# [ASSIGNMENT]
Would you please reproduce all the entries word for word, minus the pictures?

# [GIVEN DATA]
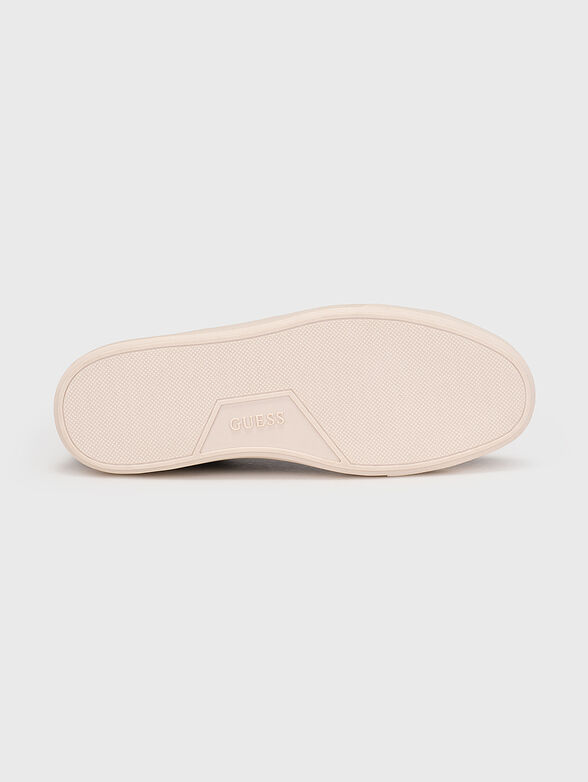 NEW VICE sports shoes with logo motifs - 5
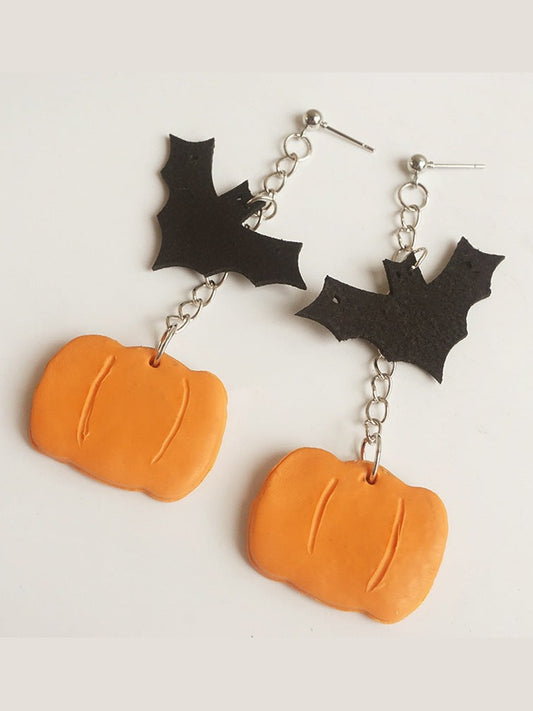 Women Halloween Theme Dangle Earrings nicholesgifts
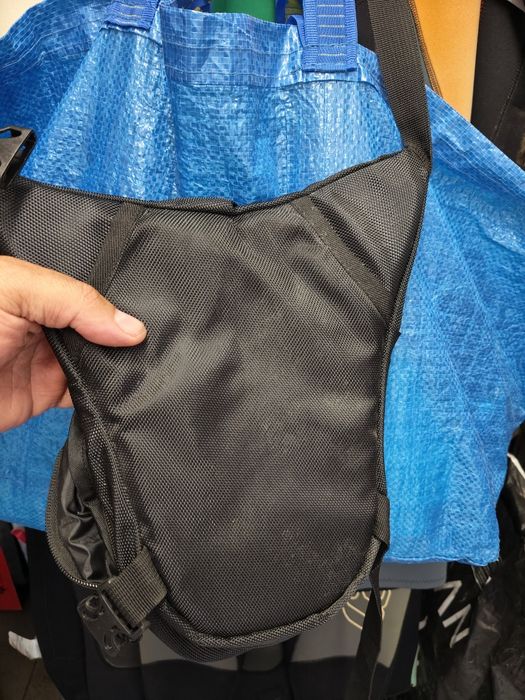 Bolsa de perna moto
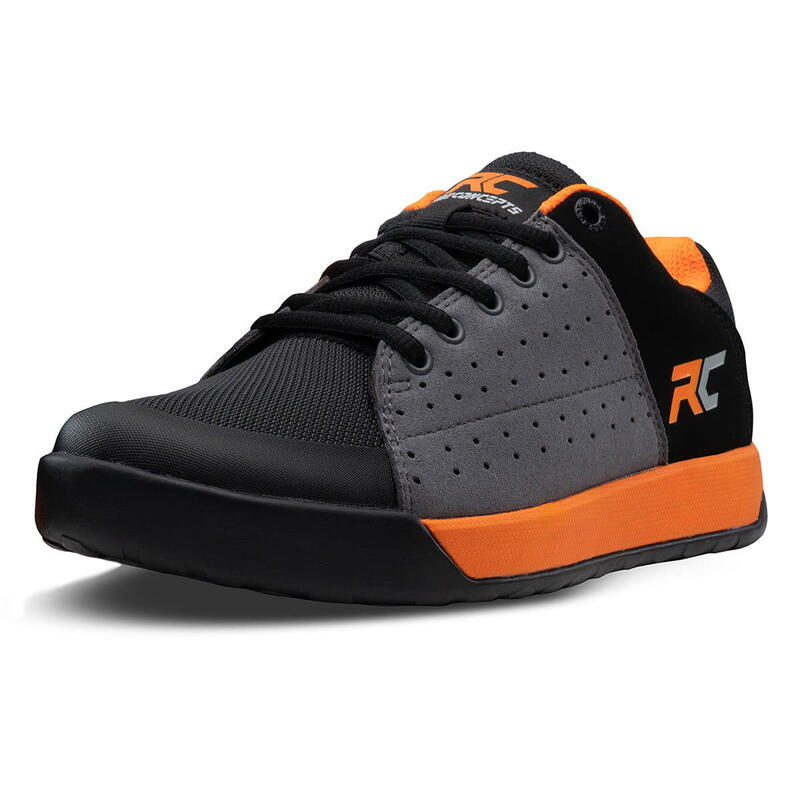 Chaussures MTB Livewire pour hommes - Gris/Orange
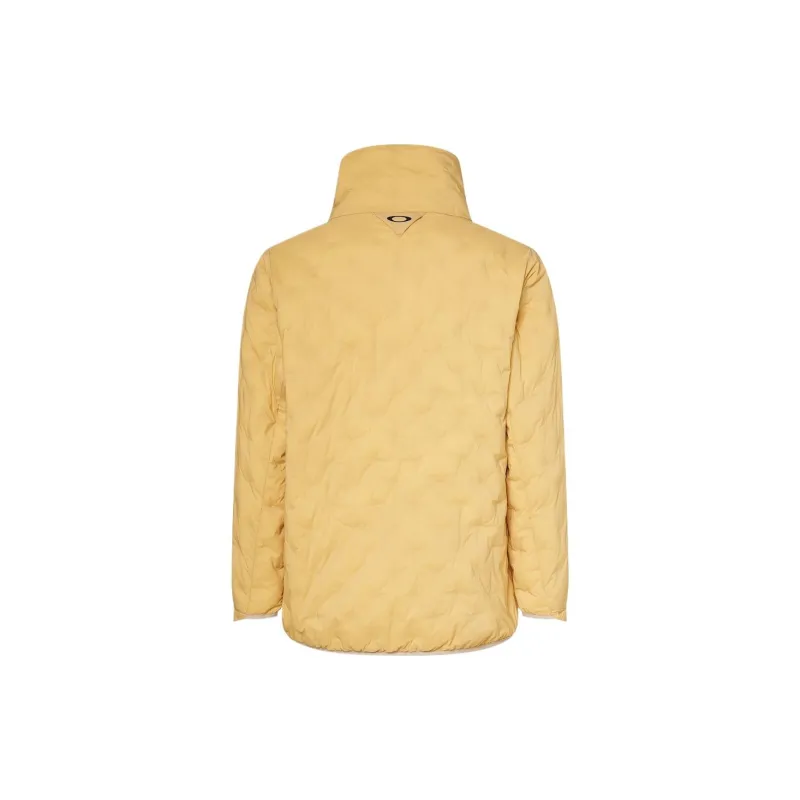 Oakley HydroFree™ Skull Tubular Insulation Jackets Coats Men's Yellow-1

# [YOUR RESPONSE]
 NEW VICE sports shoes with logo motifs - 5
 Women Halloween Theme Dangle Earrings nicholesgifts
 Bolsa de perna moto
 Chaussures MTB Livewire pour hommes - Gris/Orange
 Oakley HydroFree™ Skull Tubular Insulation Jackets Coats Men's Yellow-1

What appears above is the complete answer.